Valérie Coats 1 , Jean-Pierre Després 1 , Natalie Alméras 1 , Mickaël Martin 1 , Don D Sin 2 , Rémi Rabasa-Lhoret 3 , Éric Larose 1 , Wan C Tan 2 , Jean Bourbeau 4 , François Maltais 1 , On behalf of the CanCOLD Collaborative Research Group and the Canadian Respiratory Research Network
15 October 2018
International Journal of Chronic Obstructive Pulmonary Disease
chronic obstructive pulmonary disease, obesity, abdominal, comorbidity, ectopic adiposity, cardiometabolic health
Obesity/overweight is the most prevalent body composition abnormality in COPD. However, little is known about the impact of fat distribution on cardiometabolic health in COPD.

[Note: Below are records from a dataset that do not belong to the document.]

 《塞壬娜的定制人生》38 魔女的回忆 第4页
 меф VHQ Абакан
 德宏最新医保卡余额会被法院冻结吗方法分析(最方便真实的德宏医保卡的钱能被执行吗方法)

A total of 263 subjects (166 males; age=65±9 years) were randomly selected from the general population. Subjects were classified as non-COPD controls and COPD, according to the Global initiative for chronic Obstructive Lung Disease (GOLD) classification, and the presence of cardiometabolic comorbidities was recorded. Ectopic fat accumulation was documented from computed tomography measurements of visceral adipose tissue cross-sectional areas and muscle mean attenuation, assessed at L4–L5. Blood glucose, lipid, and adipokine profiles were also evaluated.
After correcting for age, sex, and tobacco exposure, visceral adipose tissue cross-sectional area was higher in GOLD 2+ compared to GOLD 1 individuals. Consistent with this, mean muscle tissue attenuation was lower in GOLD 2+ vs GOLD 1 and non-COPD controls ( P<0.001). In multiple regression models, visceral adipose tissue cross-sectional area was strongly associated with hypertension ( P<0.001) and diabetes ( P<0.001), while muscle attenuation was associated with coronary artery disease ( P<0.001). Blood glucose, lipid, and adipokine profiles were similar across groups with the exception of leptin level which was higher in GOLD 2+ subjects compared to GOLD 1 and controls.